With the pictures omitted, write out all of the listing exactly.
+===+
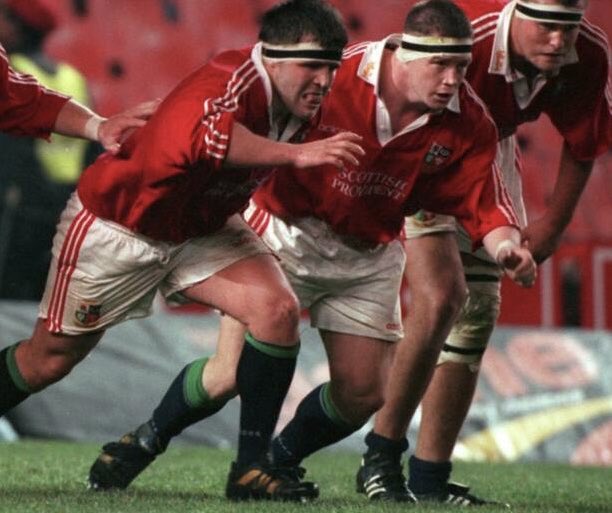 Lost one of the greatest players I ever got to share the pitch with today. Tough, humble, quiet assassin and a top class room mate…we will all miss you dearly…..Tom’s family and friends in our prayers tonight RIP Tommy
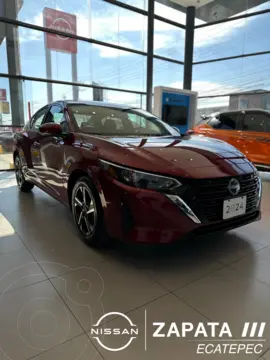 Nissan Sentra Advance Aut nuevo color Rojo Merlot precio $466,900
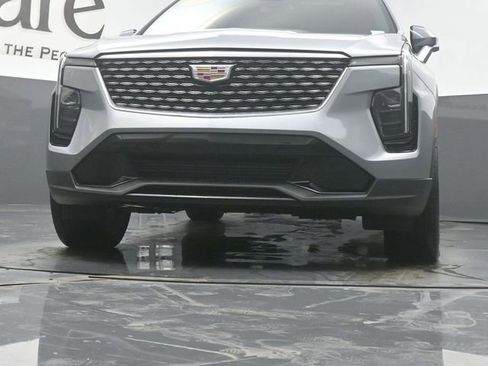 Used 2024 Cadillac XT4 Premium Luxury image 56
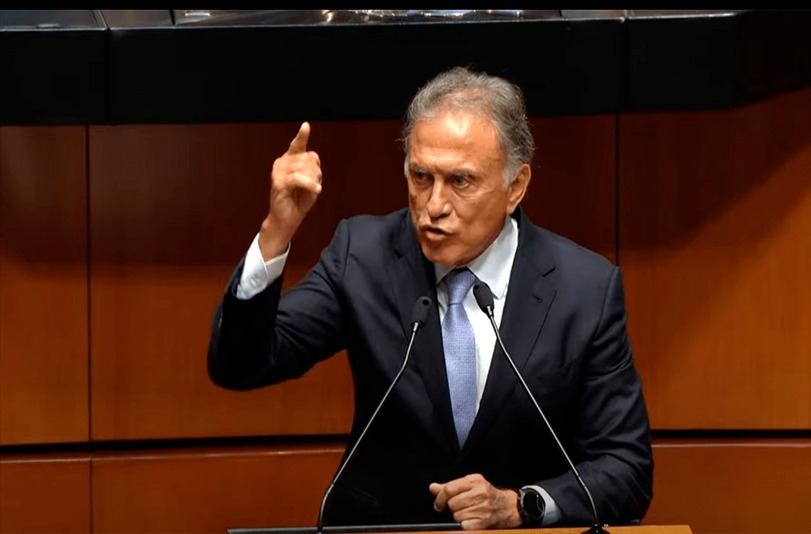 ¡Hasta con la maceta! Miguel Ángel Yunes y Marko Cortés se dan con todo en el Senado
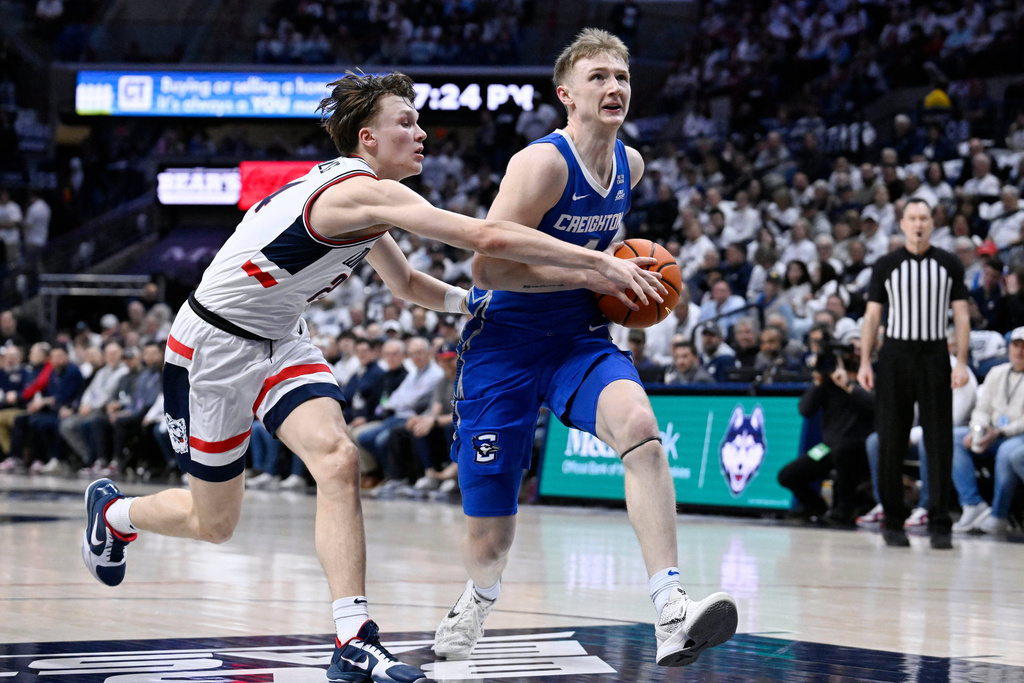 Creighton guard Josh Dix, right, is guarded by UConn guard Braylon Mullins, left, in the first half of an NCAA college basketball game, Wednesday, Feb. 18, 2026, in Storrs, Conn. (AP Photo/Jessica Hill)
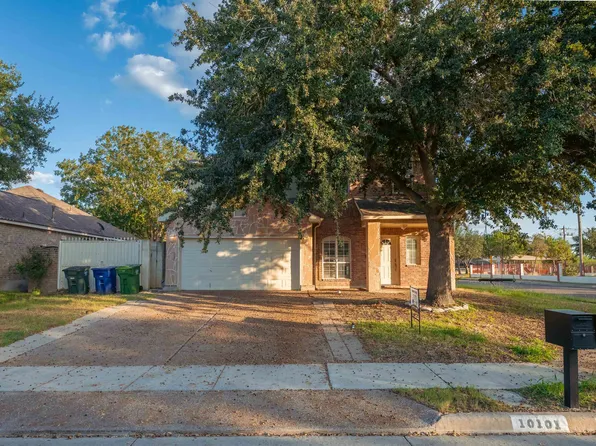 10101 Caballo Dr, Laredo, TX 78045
+===+
> **Response area**:
 Lost one of the greatest players I ever got to share the pitch with today. Tough, humble, quiet assassin and a top class room mate…we will all miss you dearly…..Tom’s family and friends in our prayers tonight RIP Tommy
 Nissan Sentra Advance Aut nuevo color Rojo Merlot precio $466,900
 Used 2024 Cadillac XT4 Premium Luxury image 56
 ¡Hasta con la maceta! Miguel Ángel Yunes y Marko Cortés se dan con todo en el Senado
 Creighton guard Josh Dix, right, is guarded by UConn guard Braylon Mullins, left, in the first half of an NCAA college basketball game, Wednesday, Feb. 18, 2026, in Storrs, Conn. (AP Photo/Jessica Hill)
 10101 Caballo Dr, Laredo, TX 78045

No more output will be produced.